* About this exercise
Reproduce exactly the lines of the material beneath, from the line that contains "坤宅的風(fēng)水好嗎" to the line that contains "Best Nicknames for boyfriend", both included, and no other lines.

......

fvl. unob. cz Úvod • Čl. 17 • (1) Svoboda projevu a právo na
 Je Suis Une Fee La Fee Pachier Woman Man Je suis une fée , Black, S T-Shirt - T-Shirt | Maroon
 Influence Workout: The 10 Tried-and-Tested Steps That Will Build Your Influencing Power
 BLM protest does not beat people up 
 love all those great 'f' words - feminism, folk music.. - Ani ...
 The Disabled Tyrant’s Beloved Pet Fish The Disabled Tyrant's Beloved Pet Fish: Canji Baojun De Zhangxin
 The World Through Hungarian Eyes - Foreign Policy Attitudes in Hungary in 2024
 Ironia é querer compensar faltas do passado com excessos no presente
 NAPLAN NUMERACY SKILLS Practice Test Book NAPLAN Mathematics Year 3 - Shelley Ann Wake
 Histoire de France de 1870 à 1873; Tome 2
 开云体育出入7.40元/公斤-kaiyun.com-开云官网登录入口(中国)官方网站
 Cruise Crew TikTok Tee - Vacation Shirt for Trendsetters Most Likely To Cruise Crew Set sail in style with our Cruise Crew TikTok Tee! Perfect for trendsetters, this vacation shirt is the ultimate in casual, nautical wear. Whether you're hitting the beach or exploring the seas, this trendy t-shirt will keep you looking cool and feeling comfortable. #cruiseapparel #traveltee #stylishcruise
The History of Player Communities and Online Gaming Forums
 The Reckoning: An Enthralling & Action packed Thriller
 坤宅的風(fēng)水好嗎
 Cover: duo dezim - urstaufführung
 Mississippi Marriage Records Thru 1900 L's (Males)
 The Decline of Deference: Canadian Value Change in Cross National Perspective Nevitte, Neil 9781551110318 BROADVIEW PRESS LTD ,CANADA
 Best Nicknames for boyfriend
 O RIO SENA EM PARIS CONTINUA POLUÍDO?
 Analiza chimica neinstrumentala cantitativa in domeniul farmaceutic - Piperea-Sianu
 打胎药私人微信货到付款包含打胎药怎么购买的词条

......

* Result of the exercise
 坤宅的風(fēng)水好嗎
 Cover: duo dezim - urstaufführung
 Mississippi Marriage Records Thru 1900 L's (Males)
 The Decline of Deference: Canadian Value Change in Cross National Perspective Nevitte, Neil 9781551110318 BROADVIEW PRESS LTD ,CANADA
 Best Nicknames for boyfriend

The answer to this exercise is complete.